Ah, but you want to know the “best,” which is sure to get me in trouble…

The best book I read in 2003 is one I started in December 2002, and a book I totally disagree with, to the point of it having angered me, a book so infuratingly compelling that it made me want to write a rebuttal: “The Rage and the Pride,” by Orianna Fallaci. Although I completely differ with her conclusions about interpreting September 11th, her longform essay journalism doesn’t get any better than the way Fallaci can still do it. She takes you, the reader, punches you in the nose, grabs you by the collar, and shakes until you want to either surrender or punch back.

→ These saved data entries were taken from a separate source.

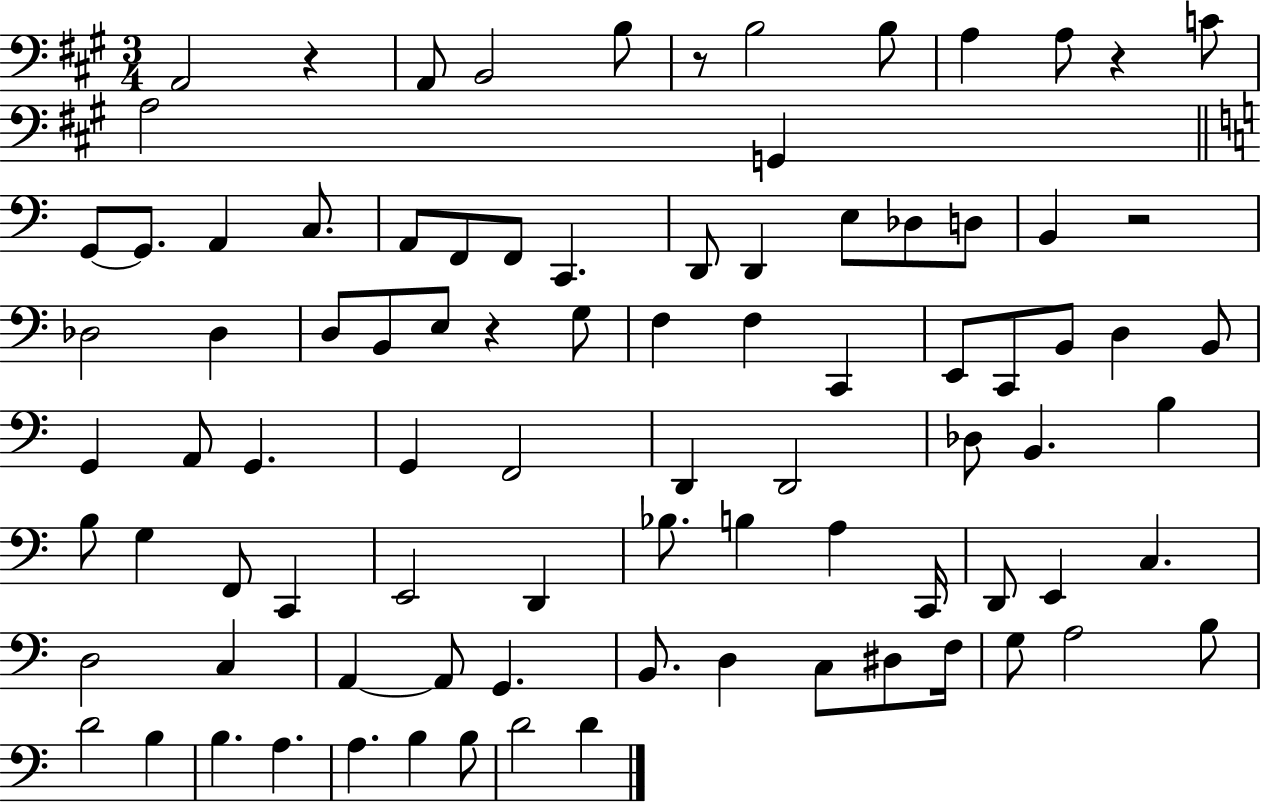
{
  \clef bass
  \numericTimeSignature
  \time 3/4
  \key a \major
  a,2 r4 | a,8 b,2 b8 | r8 b2 b8 | a4 a8 r4 c'8 | \break a2 g,4 | \bar "||" \break \key a \minor g,8~~ g,8. a,4 c8. | a,8 f,8 f,8 c,4. | d,8 d,4 e8 des8 d8 | b,4 r2 | \break des2 des4 | d8 b,8 e8 r4 g8 | f4 f4 c,4 | e,8 c,8 b,8 d4 b,8 | \break g,4 a,8 g,4. | g,4 f,2 | d,4 d,2 | des8 b,4. b4 | \break b8 g4 f,8 c,4 | e,2 d,4 | bes8. b4 a4 c,16 | d,8 e,4 c4. | \break d2 c4 | a,4~~ a,8 g,4. | b,8. d4 c8 dis8 f16 | g8 a2 b8 | \break d'2 b4 | b4. a4. | a4. b4 b8 | d'2 d'4 | \break \bar "|."
}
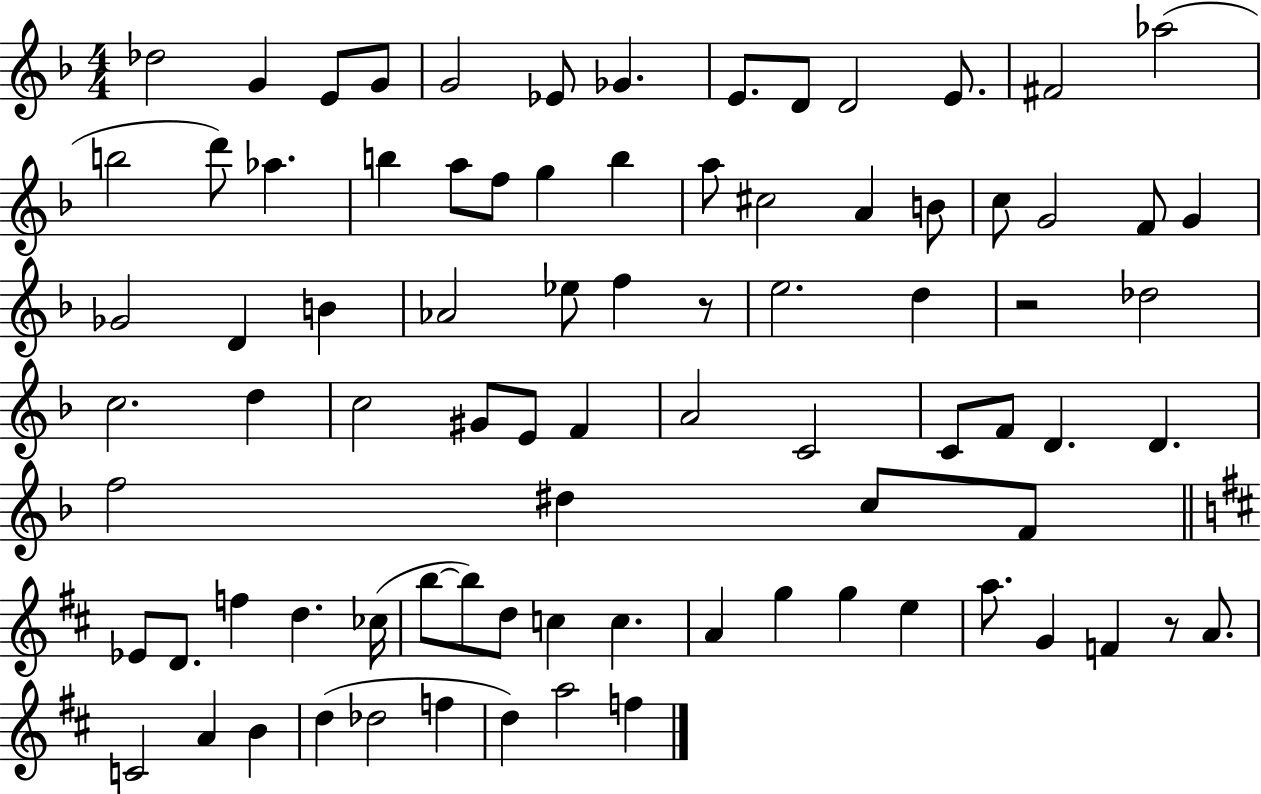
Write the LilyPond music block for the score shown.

{
  \clef treble
  \numericTimeSignature
  \time 4/4
  \key f \major
  \repeat volta 2 { des''2 g'4 e'8 g'8 | g'2 ees'8 ges'4. | e'8. d'8 d'2 e'8. | fis'2 aes''2( | \break b''2 d'''8) aes''4. | b''4 a''8 f''8 g''4 b''4 | a''8 cis''2 a'4 b'8 | c''8 g'2 f'8 g'4 | \break ges'2 d'4 b'4 | aes'2 ees''8 f''4 r8 | e''2. d''4 | r2 des''2 | \break c''2. d''4 | c''2 gis'8 e'8 f'4 | a'2 c'2 | c'8 f'8 d'4. d'4. | \break f''2 dis''4 c''8 f'8 | \bar "||" \break \key d \major ees'8 d'8. f''4 d''4. ces''16( | b''8~~ b''8) d''8 c''4 c''4. | a'4 g''4 g''4 e''4 | a''8. g'4 f'4 r8 a'8. | \break c'2 a'4 b'4 | d''4( des''2 f''4 | d''4) a''2 f''4 | } \bar "|."
}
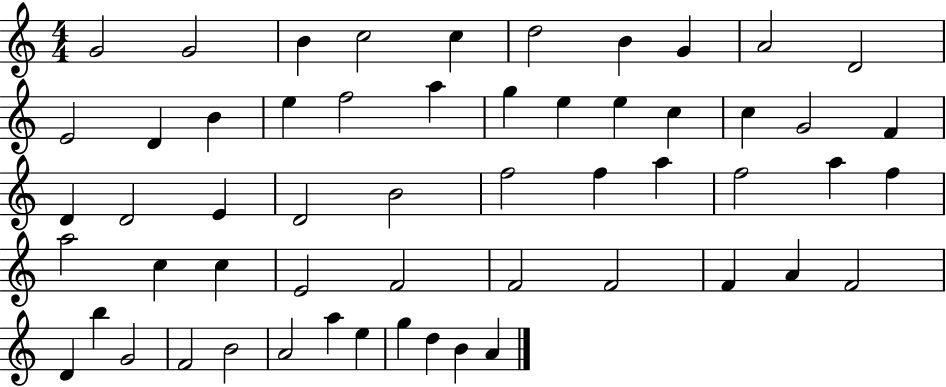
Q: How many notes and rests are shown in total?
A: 56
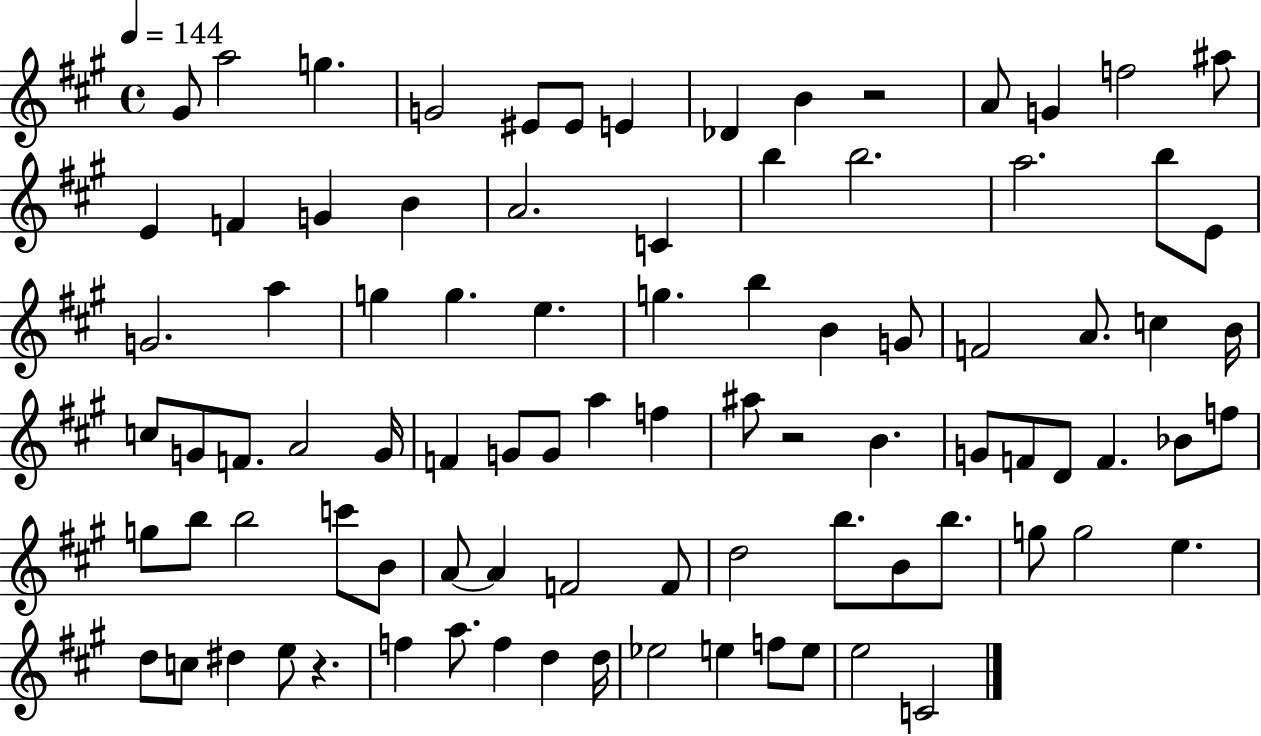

I don’t read – or at least don’t finish – a lot of books by journalists about Latin America or the oft-mentioned Latin American novelists of our time. Lord knows I *try* to read a lot of it. But I find most of them to be total crap, written from formula, trying to impress the elites and not succeeding at telling much truth. The kind of work Fallaci produces, or, likewise, in the ongoing book that might be called “the communiques of Subcomandante Marcos,” or even what some of my journalism students have been producing over the past year, simply wipe the floor with what most people who call themselves journalists or writers who get published churn out these days for a price. My view is that if a book doesn’t provoke me it has failed me as a reader. That’s why this year’s “best” goes to a work with a thesis that I don’t share. But it’s so well told, that I forgive even its wrongheaded conclusions.”


Blogger: Miguel Octavio
Blog: The Devil’s Excrement

Miguel writes:

“Fiction: Life of Pi by Yann Martel

An imaginative book with sentences full of wisdom as Pi (for Piscine, swimming pool in French) Patel grows up in India and describes his terrible ordeal fleeing. Some of the situations are so absurd but despite that fact Martel makes them credible. The book just flows through, easy yet imaginative and very enjoyable. Quite different and some phrases are insightful. I loved these two:

To prosper, a zoo needs parliamentary government, democratic elections, freedom of speech, freedom of the press, freedom of association, rule of law and everything else enshrined in India’s Constitution. Impossible to enjoy animals otherwise. Long-term, bad politics is bad for business.

People move because of the wear and tear of anxiety. Because of the gnawing feeling that no matter how hard they work their efforts will yield nothing, that what they build up in one year will be torn down in one day by others. Because of the impression that the future is blocked up, that they might do all right but not their children. Because of the feeling that nothing will change, that happiness and prosperity are possible only somewhere else.

Non-Fiction: The future of freedom by Fareed Zakaria.

A book about democracy at a time that people either take it for granted or don’t realize you have to defend it and fight for it. I particularly liked the descriptions of why the concept is hard to sell in Islamic societies. It also discusses how sometimes it is difficult to defend democracy despite its attributes. Definitely food for thought.”


Blogger: Dan Drezner
Blog: DanielDrezner.com

Dan writes:

“The best book I read last year was Raghuram Rajan and Luigi Zingales’ Saving Capitalism from the Capitalists. An outstanding book on the merits of open markets and the political economy of efforts to prevent such openness.”


Finally, this humble blogger, who spent 2003 living in Ecuador and lacking a television and other distractions, read plenty.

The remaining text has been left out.